Working quickly wrap the grey fondant around the cake and join it together at the back trimming off any overhang where the fondant joins. There should be around 1.5 cm overhand around the top of the cake which is where the brain will sit. It will act as a dam to hold the brain and raspberry sauce.
I placed some foil in a couple of spots to hold up the fondant while it dried. Press the fondant into the eye socket areas and around the mouth, leaving enough black showing for the teeth to be inserted later. Make sure that the fondant covers the bottom of the cake evenly and no ganache is showing. Press around the nose area, using the veining tool press in the nostrils until you are happy with the shape. Add an indent with the back of the cake tool in the middle of the nose. The truffle mixture underneath should have a little give at this stage and you can still move it around a little to get your desired shape.
Mix a small amount of the grey fondant with a little water to make a thick paste. Place a little paste onto the eye area and press in the eyes. If they are a little big, quickly remove them and trim until you are happy with the size.
Roll out a small amount of fondant and roll as thin as possible to make eyelids. Cut to shape and press onto the eyes covering the top half, using a cake tool smooth the edges as much as possible in the corners to make the join look as seamless as possible. Don't stress too much about the top it will be covered with the eyebrows.
Take another piece of fondant and shape it into a long log. Use a little more of the fondant mixed with water to 'glue' this log into place. Use the veining tool to shape the log into an eye brow. I made an indent on each side just above the nose and then used the sharp side of the tool to make long shallow strokes in the fondant to look like hair. Place a food safe item between the eye and brow to hold in place while it dries (I used some folded foil).
Make more long shallow 'hair' indents in the fondant around the cheek area. Then use the same technique using shorter strokes to give the lips texture.
Using a brush paint on a very sheer small amount of white food color to the lip, upper cheek (under the eyes) and middle brow area.

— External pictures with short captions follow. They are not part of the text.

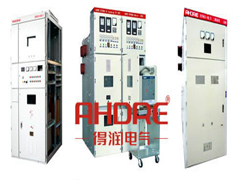 安徽得潤(rùn)電氣 高低壓開(kāi)關(guān)柜 軟起柜 咨詢熱線4000551777 安徽得潤(rùn)電氣 高低壓開(kāi)關(guān)柜 軟起柜 咨詢熱線4000551777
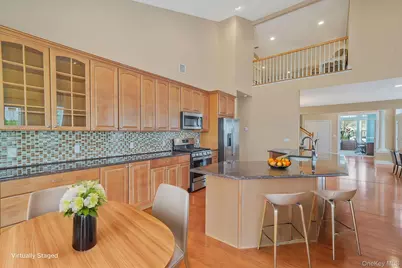 11 Ovation Place, Eastport, NY 11941 - Photo 8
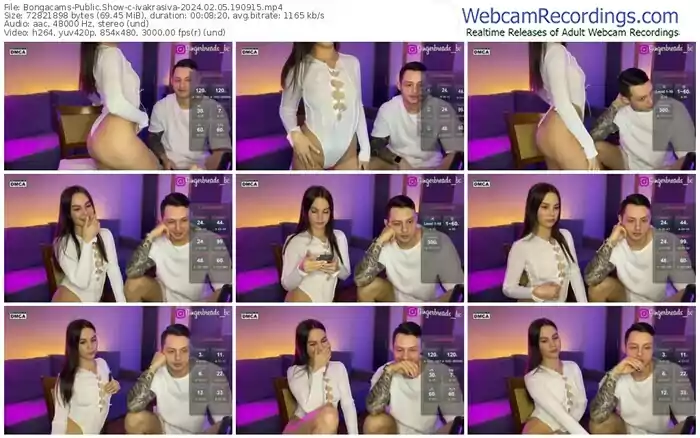 2024/02/05/bongacams-ivakrasiva-19-09-15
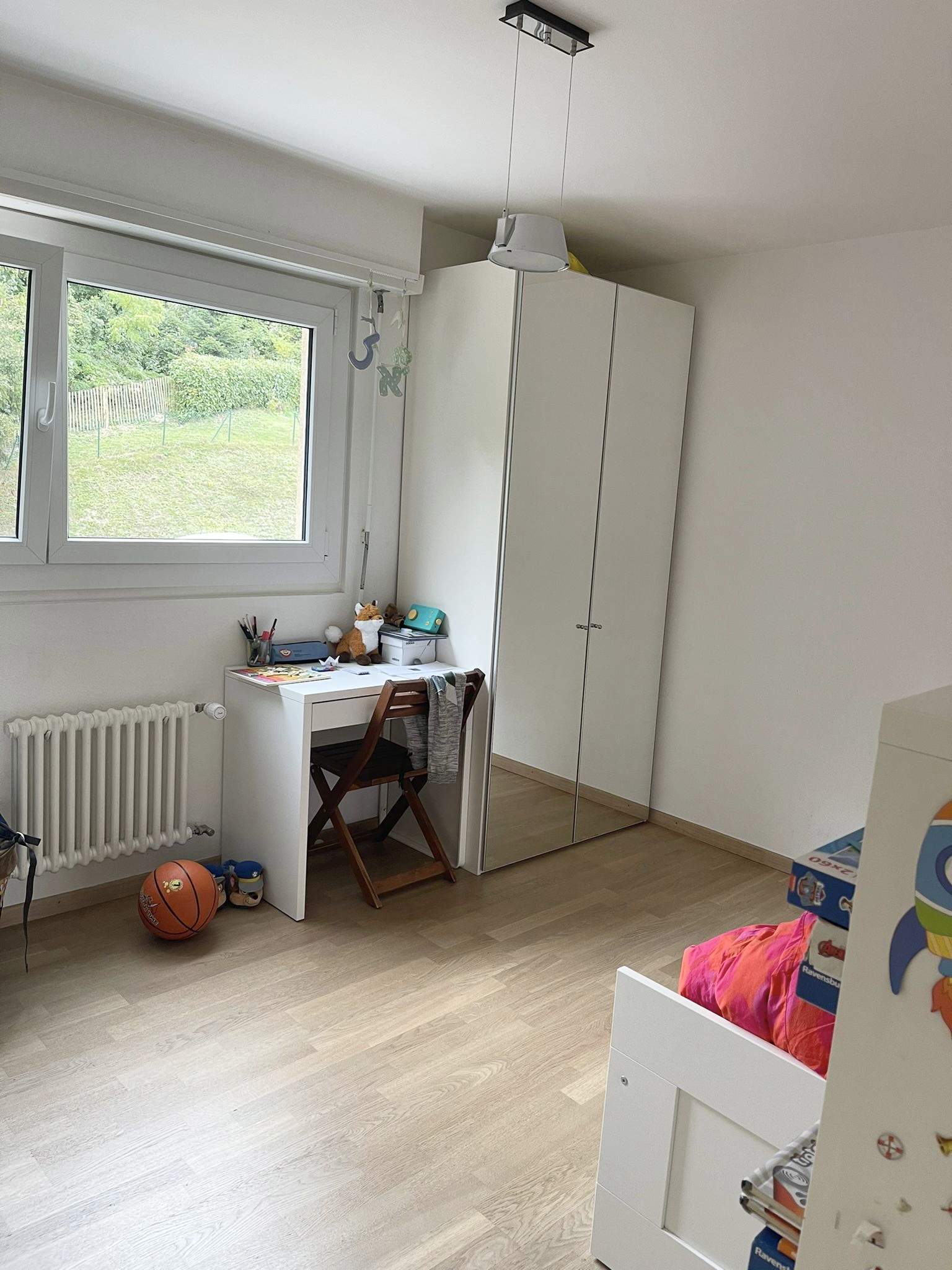 b96e69e5-c523-44a4-956a-cd8e58e31da7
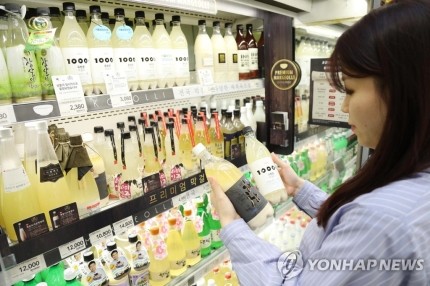  매경이 전하는 세상의 지식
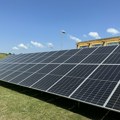 U svetu će ove godine biti instalirano 544 gigavata solarnih kapaciteta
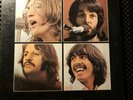 The Beatles - Let It Be – Classic Rock-Psych Rock Vinyl LP – OG First Press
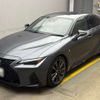 lexus is 2023 -LEXUS 【横浜 32Fﾛ1188】--Lexus IS 6AA-AVE30--AVE30-5098478---LEXUS 【横浜 32Fﾛ1188】--Lexus IS 6AA-AVE30--AVE30-5098478- image 1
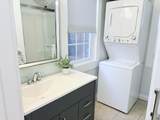 1004 Watson Street - Photo 10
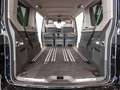 Volkswagen T6 Multivan Style eHybrid 4MOTION *AHK*MATRIX-LED*H&K Zwart - thumbnail 44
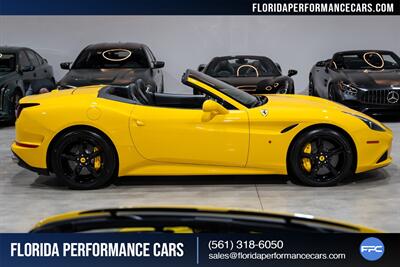 2018 Ferrari California T - Photo 8 - Riviera Beach, FL 33407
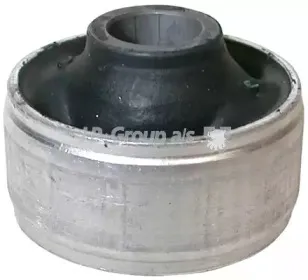 Подвеска, рычаг независимой подвески колеса JP GROUP купить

Allow to dry for a while until the fondant is firm to touch.
Optional - paint of some edible glaze to the eyes to make them shiny. I mixed my glaze with some black food color to give it a deep look.
Use a another brush to paint in the nostrils and the eyelid area with black food color. Take a very thin (eg 00) brush and carefully paint in the long shallow indents you have made around the eyebrow area.
Take a large full brush and add black dusting powder to the cheek areas, similar to the way you would apply makeup blush. I added some black dusting powder around the eye areas and nose center as well.
Mix a very small amount of ivory color with white and paint around the teeth to give a decayed look.
Roll out a very thin rope of grey fondant. Add to the very edge of the eyelid where it meets the eye.
Make the jelly brain. (I made the jelly very firm so it would hold during slicing if you prefer you can omit the extra gelatine and or add more liquid)
Pour 2 packets of jelly (I used one grape and one raspberry) into a large bowl with 3 teaspoons of powdered gelatine.
Add one cup of boiling water and then 1 cup of evaporated low fat milk.
Spray the brain mold with a little oil and pour the jelly into the mold. I checked on the cake to see how large the brain cavity would be and only filled the mold up to that spot which was around half filled - I didn't quite use all the jelly mixture. Pop in fridge until required. You can make the day before serving.
To serve, unmold the jelly and place in the 'brain' cavity of the cake. Pour a little raspberry sauce over the top of the brain.
Optional - If you will be adding fairy floss hair work quickly to brush on a small amount of edible glue to the edge of the eyebrows and cheek area. Separate the fairy floss as much as possible, cut to length with scissors and gently press onto the edible glue. Serve immediately.